Caption-style text data >>
______________________________
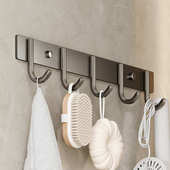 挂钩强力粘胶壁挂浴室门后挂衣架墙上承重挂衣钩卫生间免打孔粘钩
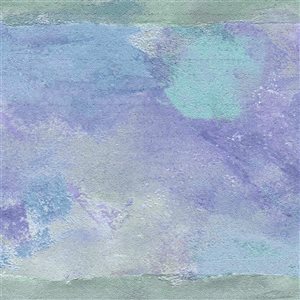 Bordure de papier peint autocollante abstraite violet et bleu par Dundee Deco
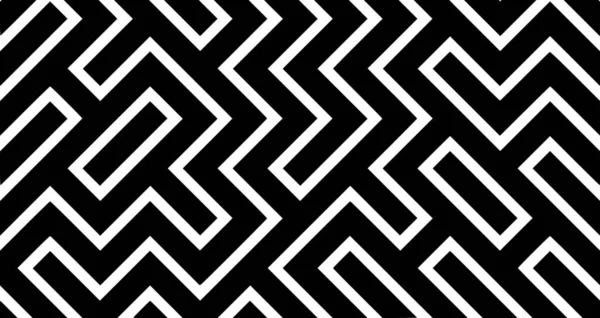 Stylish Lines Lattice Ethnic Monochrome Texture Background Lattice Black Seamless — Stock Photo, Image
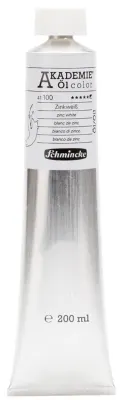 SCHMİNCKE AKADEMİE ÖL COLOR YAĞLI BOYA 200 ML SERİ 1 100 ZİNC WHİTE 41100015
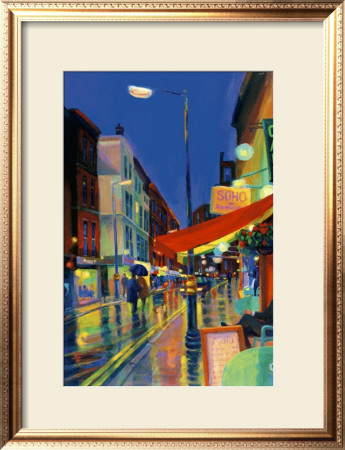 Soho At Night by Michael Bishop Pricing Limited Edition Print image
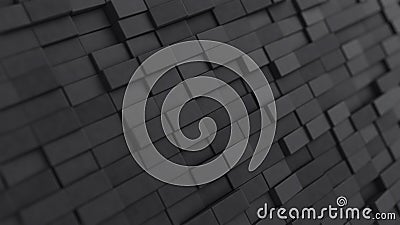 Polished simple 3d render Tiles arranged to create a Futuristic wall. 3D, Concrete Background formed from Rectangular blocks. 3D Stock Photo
______________________________
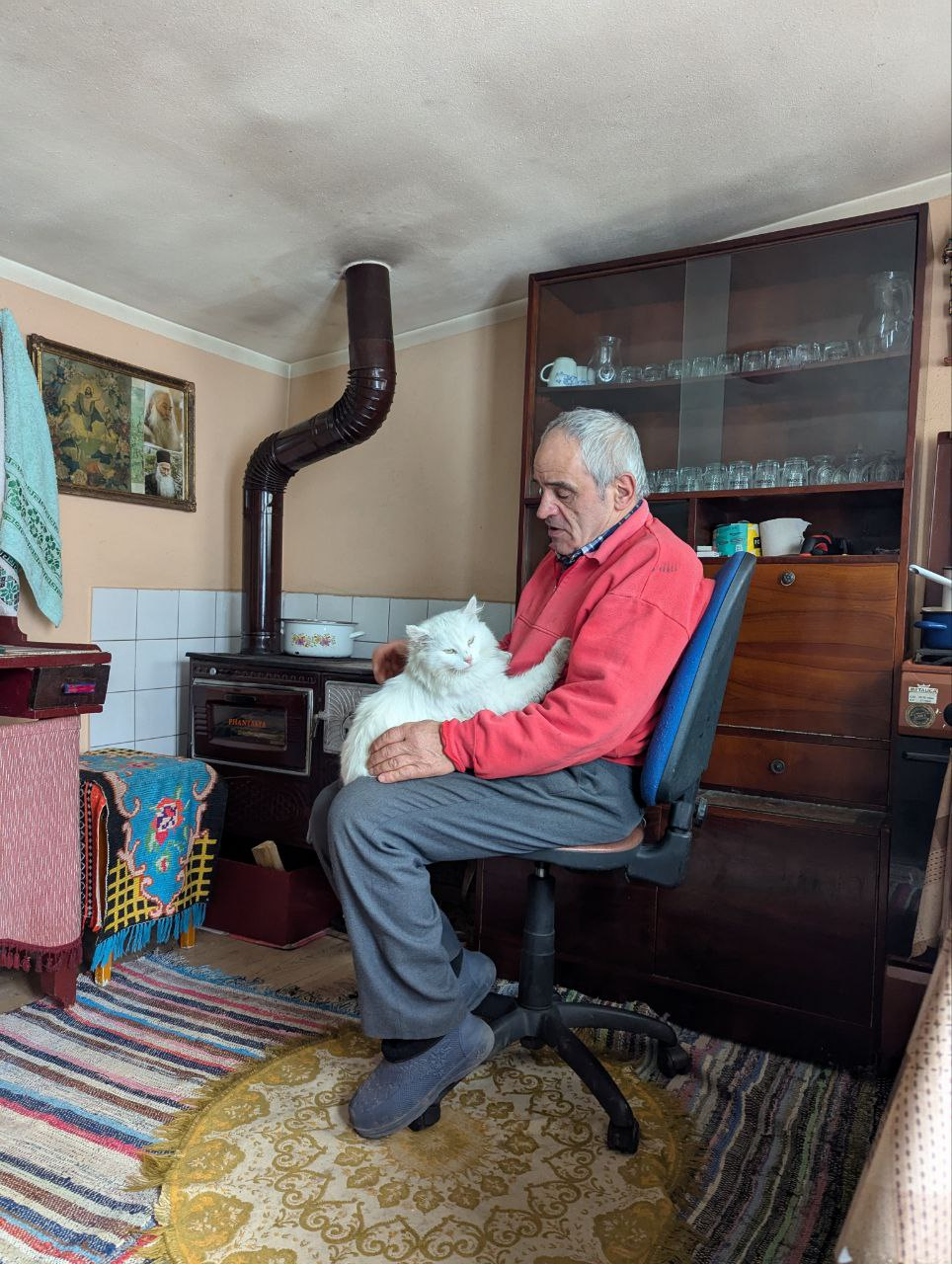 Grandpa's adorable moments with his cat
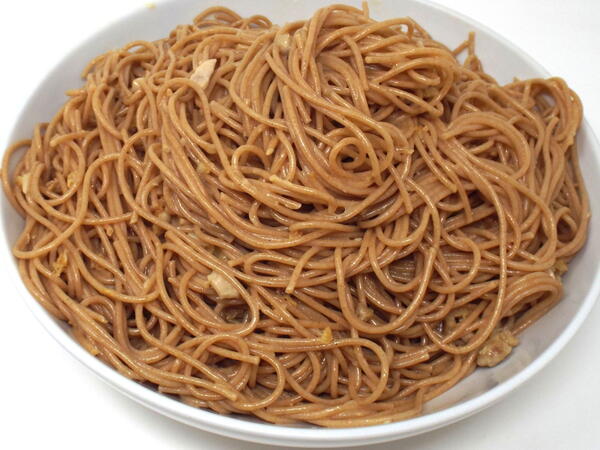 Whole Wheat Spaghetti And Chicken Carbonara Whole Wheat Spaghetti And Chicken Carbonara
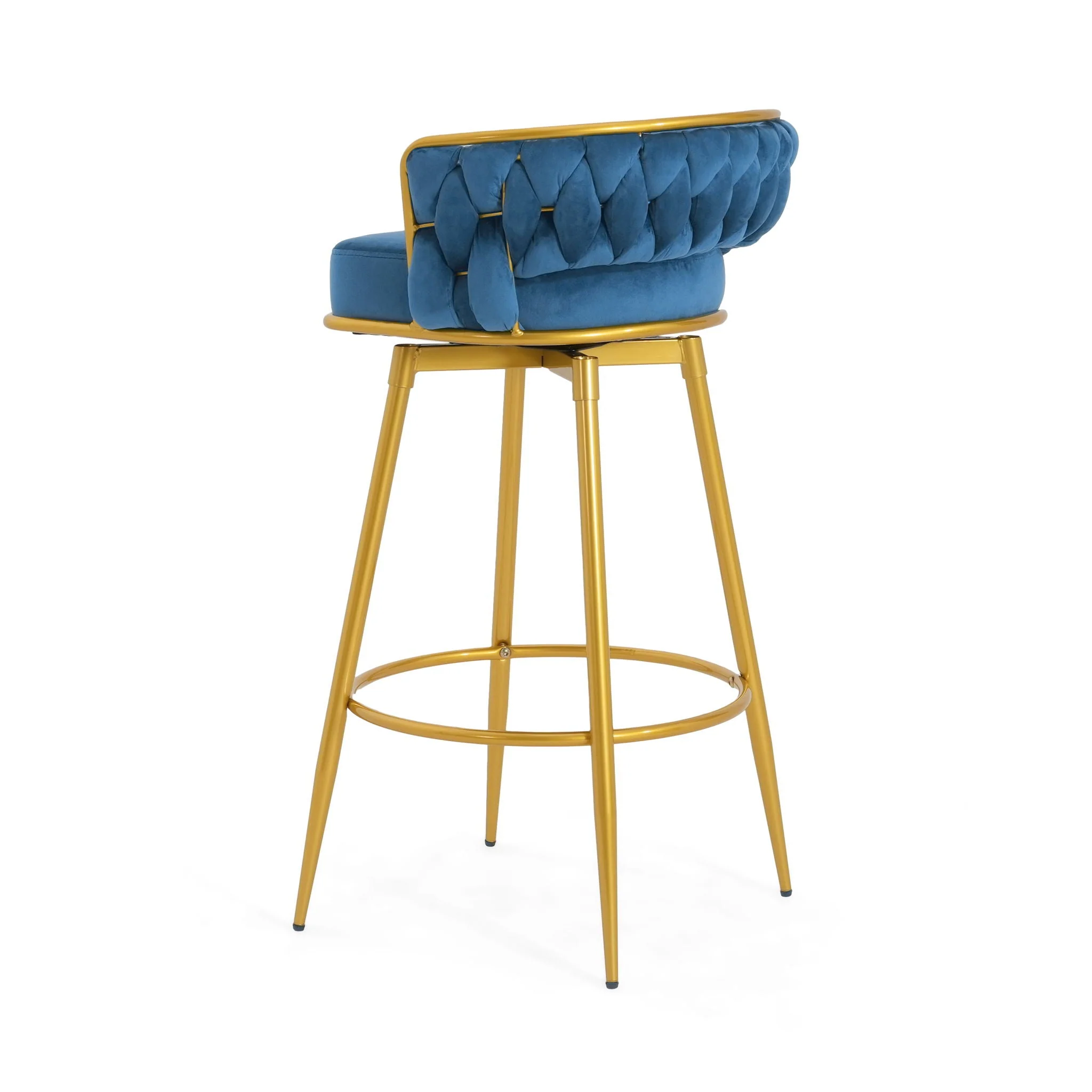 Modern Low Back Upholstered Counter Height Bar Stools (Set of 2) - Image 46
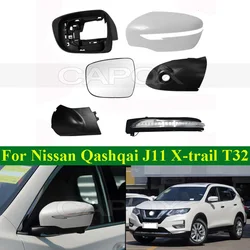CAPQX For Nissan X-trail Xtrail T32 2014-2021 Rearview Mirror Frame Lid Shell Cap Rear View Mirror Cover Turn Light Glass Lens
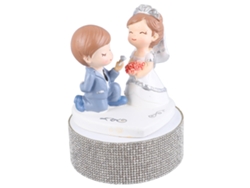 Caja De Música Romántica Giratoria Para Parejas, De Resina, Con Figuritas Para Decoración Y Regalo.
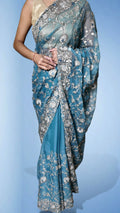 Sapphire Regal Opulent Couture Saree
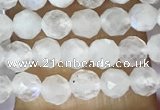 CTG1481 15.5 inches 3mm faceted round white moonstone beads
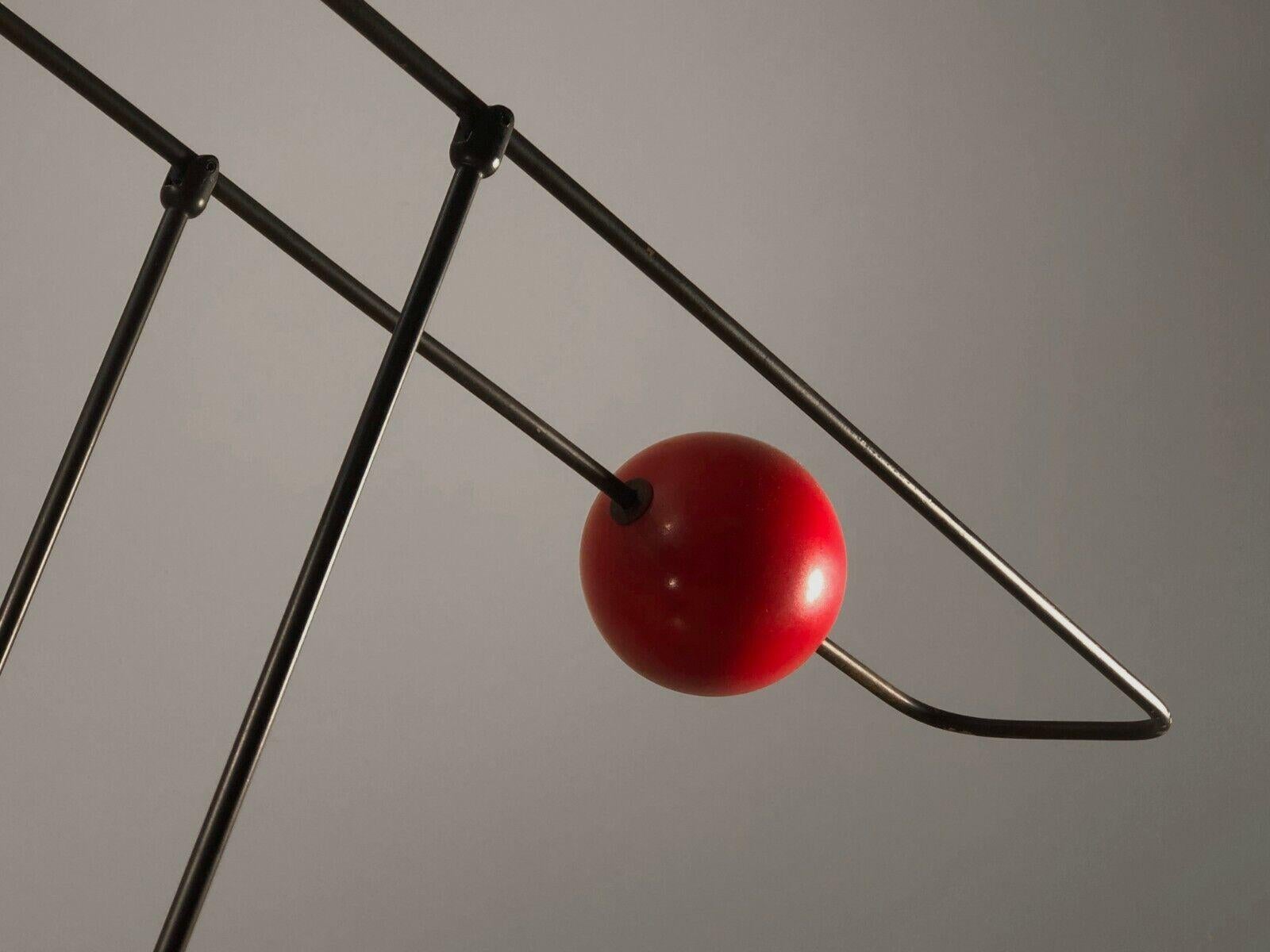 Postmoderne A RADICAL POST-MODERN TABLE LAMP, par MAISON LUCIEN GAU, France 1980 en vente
______________________________
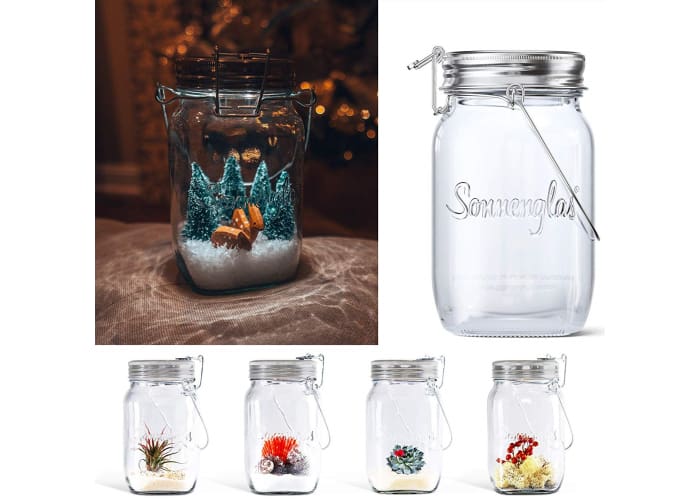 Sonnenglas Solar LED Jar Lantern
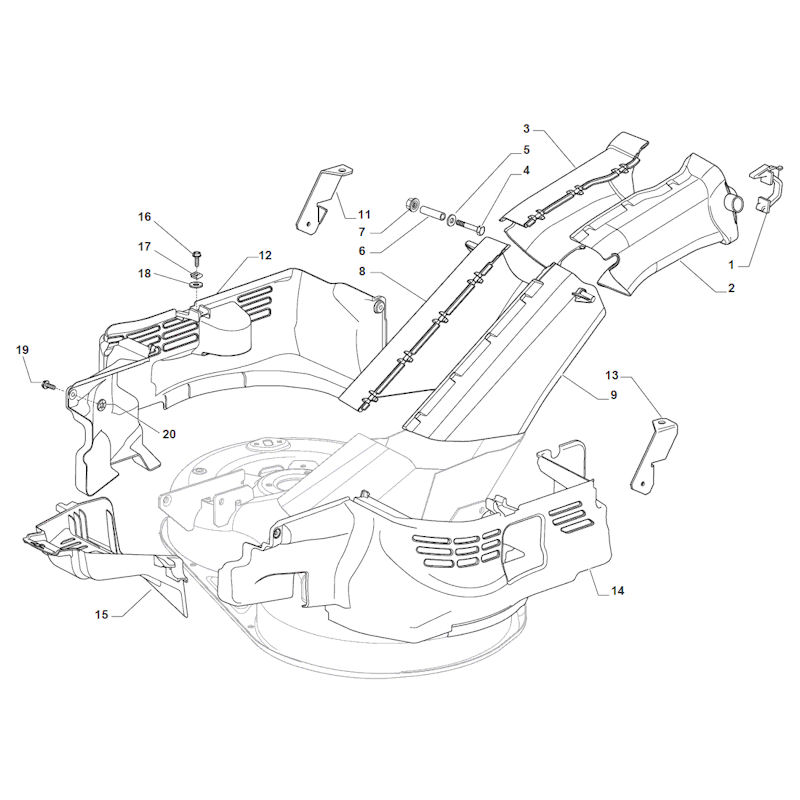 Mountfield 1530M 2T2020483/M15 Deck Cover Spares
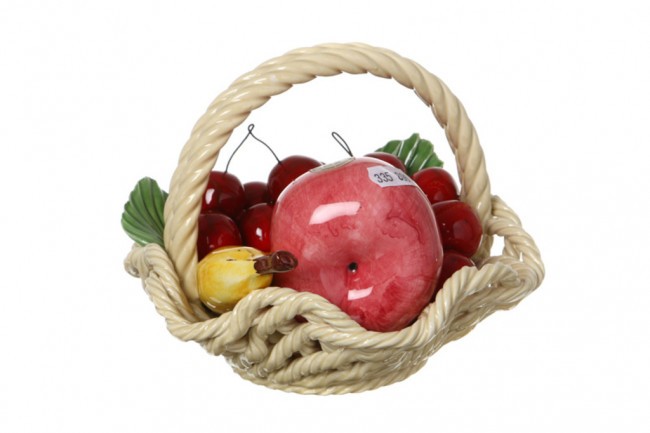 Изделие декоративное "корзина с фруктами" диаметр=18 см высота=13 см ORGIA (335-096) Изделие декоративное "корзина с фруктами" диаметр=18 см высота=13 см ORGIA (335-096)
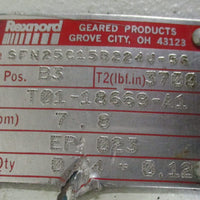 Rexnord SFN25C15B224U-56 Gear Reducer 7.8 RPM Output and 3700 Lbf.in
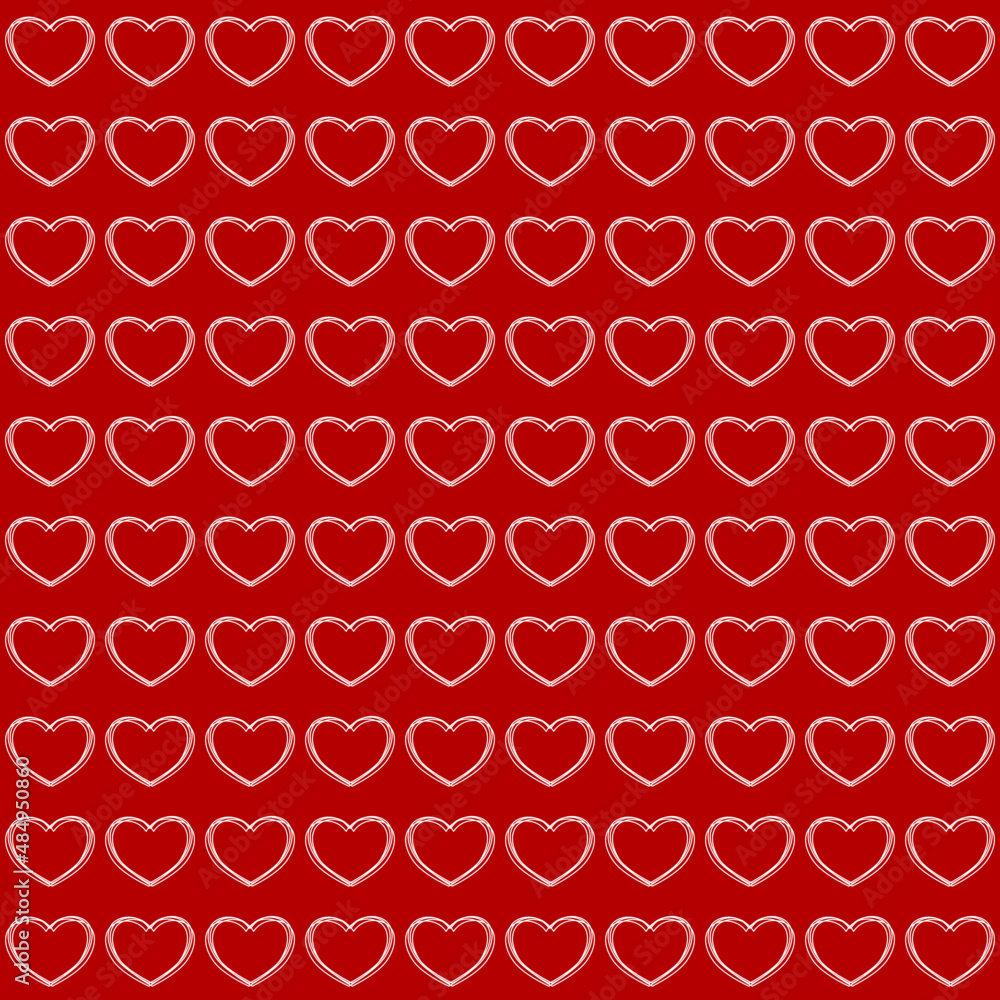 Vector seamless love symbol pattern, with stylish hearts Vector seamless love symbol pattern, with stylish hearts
______________________________
EXERCISE GOAL >>
Output exactly, and only, the lines of the entries above from the one with "Sonnenglas Solar LED Jar Lantern" up to and including the one with "Vector seamless love symbol pattern, with stylish hearts Vector"; pictures are to be left out.

YOUR SOLUTION >>
 Sonnenglas Solar LED Jar Lantern
 Mountfield 1530M 2T2020483/M15 Deck Cover Spares
 Изделие декоративное "корзина с фруктами" диаметр=18 см высота=13 см ORGIA (335-096) Изделие декоративное "корзина с фруктами" диаметр=18 см высота=13 см ORGIA (335-096)
 Rexnord SFN25C15B224U-56 Gear Reducer 7.8 RPM Output and 3700 Lbf.in
 Vector seamless love symbol pattern, with stylish hearts Vector seamless love symbol pattern, with stylish hearts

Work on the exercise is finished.